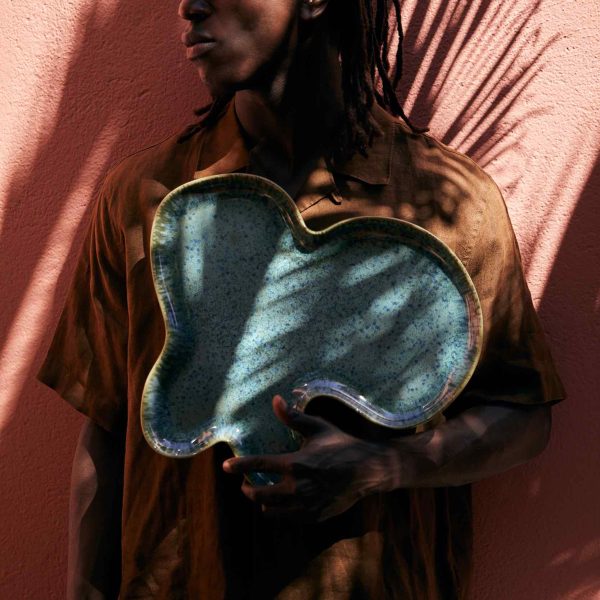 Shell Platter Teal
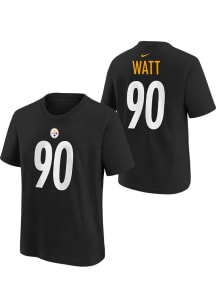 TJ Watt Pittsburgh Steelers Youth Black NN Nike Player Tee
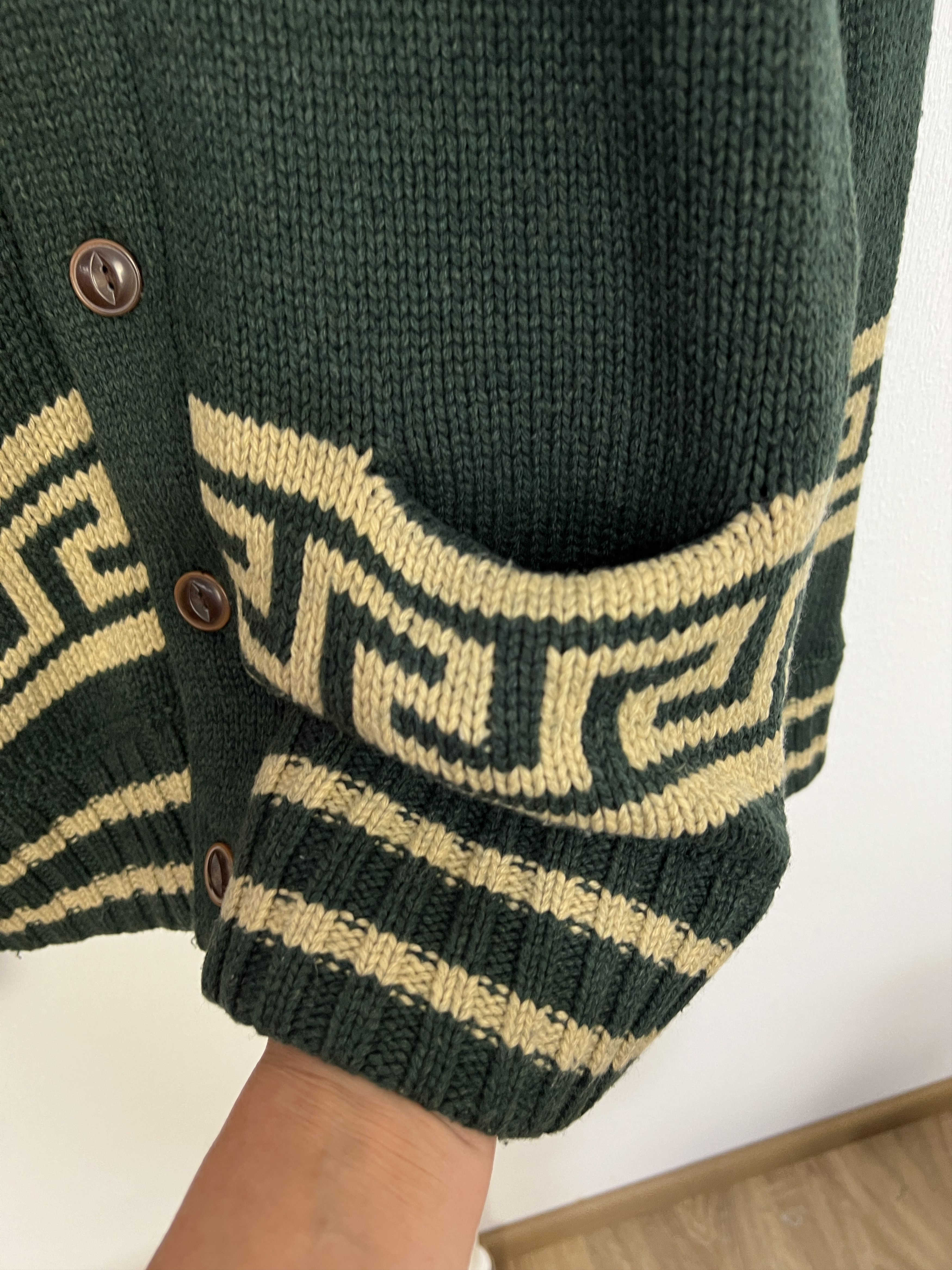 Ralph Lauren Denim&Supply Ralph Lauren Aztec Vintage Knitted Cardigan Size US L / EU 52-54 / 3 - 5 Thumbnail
▬▬▬▬▬▬▬▬▬▬
Retype each line above exactly. Leave the images out.

__Response for this exercise__
 Shell Platter Teal
 TJ Watt Pittsburgh Steelers Youth Black NN Nike Player Tee
 Ralph Lauren Denim&Supply Ralph Lauren Aztec Vintage Knitted Cardigan Size US L / EU 52-54 / 3 - 5 Thumbnail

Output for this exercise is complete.